DATA TO USE
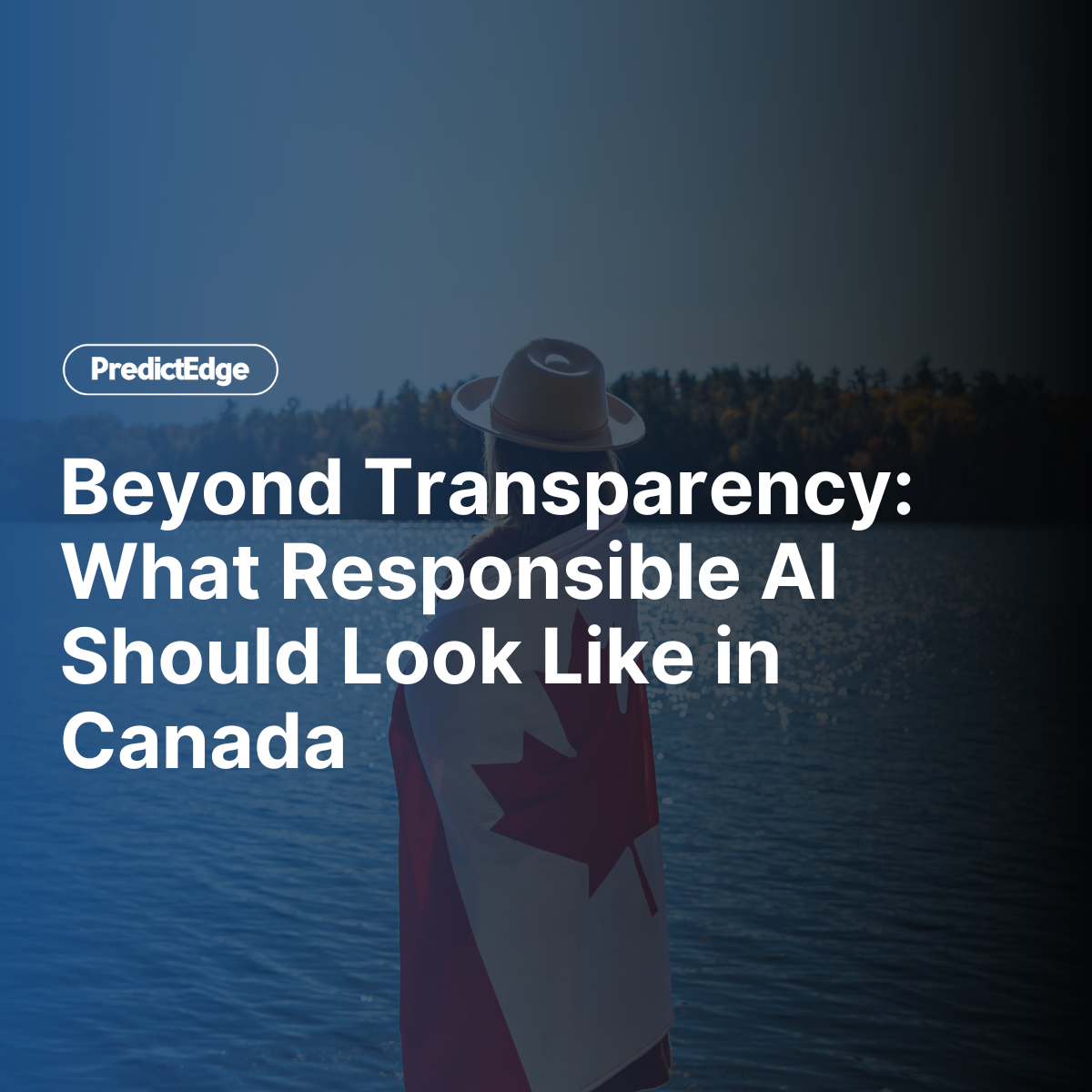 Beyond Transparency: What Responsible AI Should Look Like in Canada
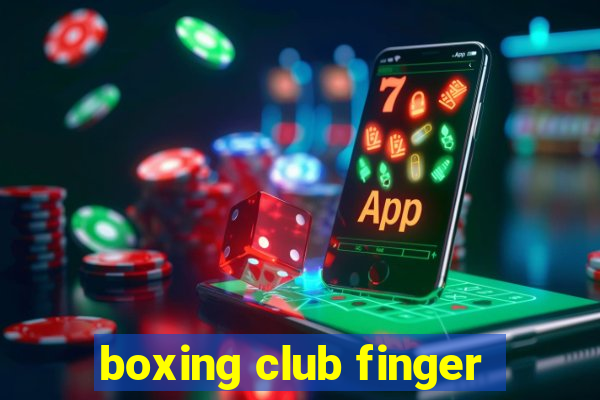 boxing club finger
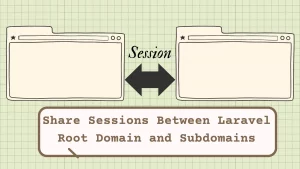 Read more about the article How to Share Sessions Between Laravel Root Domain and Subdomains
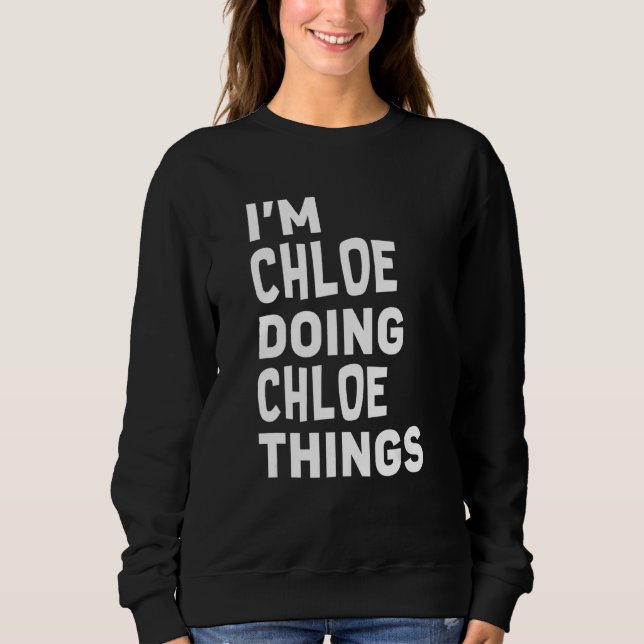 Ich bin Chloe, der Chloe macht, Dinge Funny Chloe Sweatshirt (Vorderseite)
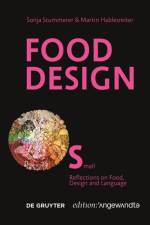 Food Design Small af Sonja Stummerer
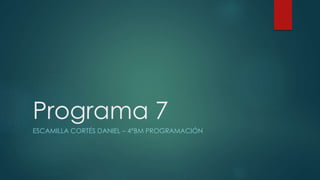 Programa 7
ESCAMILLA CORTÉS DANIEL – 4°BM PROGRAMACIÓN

---

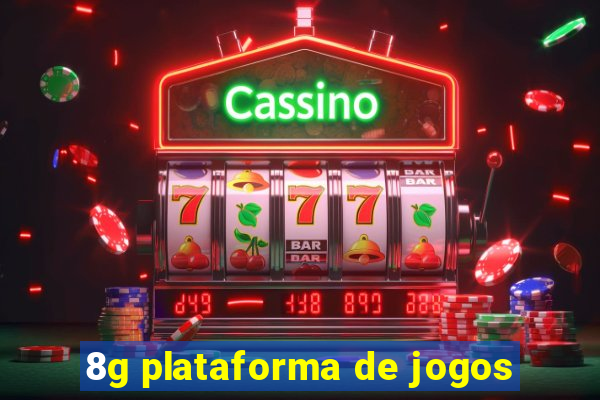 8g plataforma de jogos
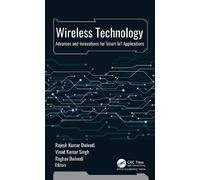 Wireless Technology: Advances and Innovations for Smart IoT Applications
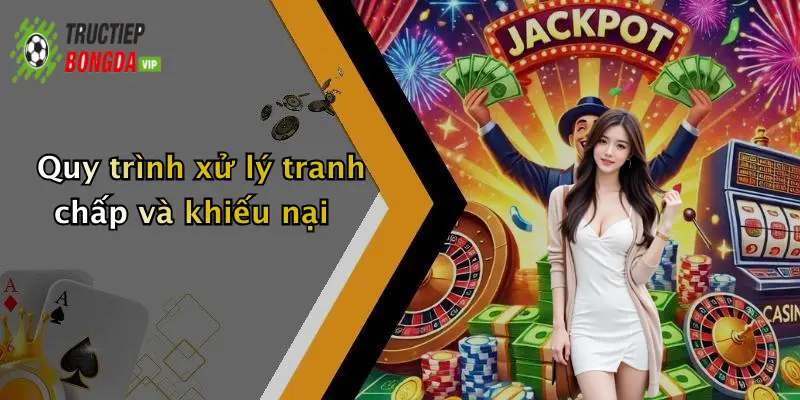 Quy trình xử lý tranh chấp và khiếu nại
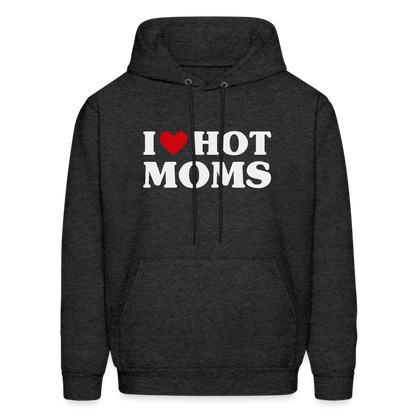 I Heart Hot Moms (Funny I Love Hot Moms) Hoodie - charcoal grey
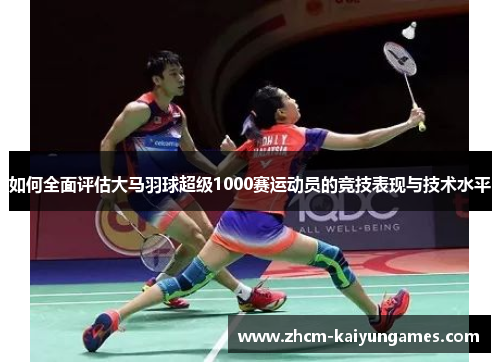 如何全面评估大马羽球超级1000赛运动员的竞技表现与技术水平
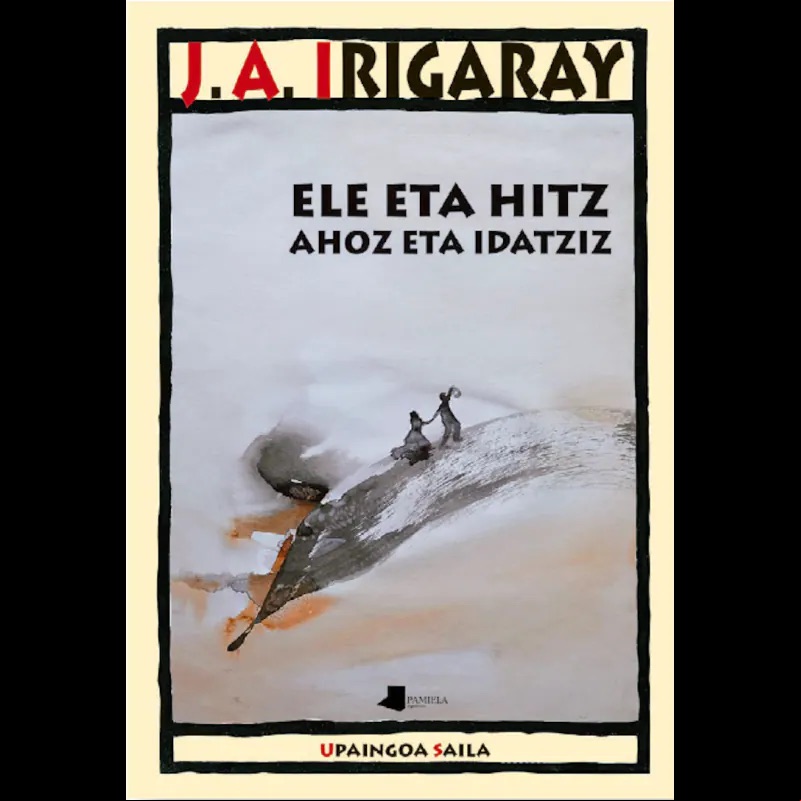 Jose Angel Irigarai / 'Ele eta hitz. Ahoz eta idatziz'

AIM OF THE EXERCISE
Above are the records; copy from them only the lines starting at the one containing "Beyond Transparency: What" and ending at the one containing "ESCAMILLA CORTÉS DANIEL – 4°BM PROGRAMACIÓN", exactly and without pictures.

RESPONSE FOR THIS EXERCISE
 Beyond Transparency: What Responsible AI Should Look Like in Canada
 boxing club finger
 Read more about the article How to Share Sessions Between Laravel Root Domain and Subdomains
 Ich bin Chloe, der Chloe macht, Dinge Funny Chloe Sweatshirt (Vorderseite)
 Food Design Small af Sonja Stummerer
 Programa 7
ESCAMILLA CORTÉS DANIEL – 4°BM PROGRAMACIÓN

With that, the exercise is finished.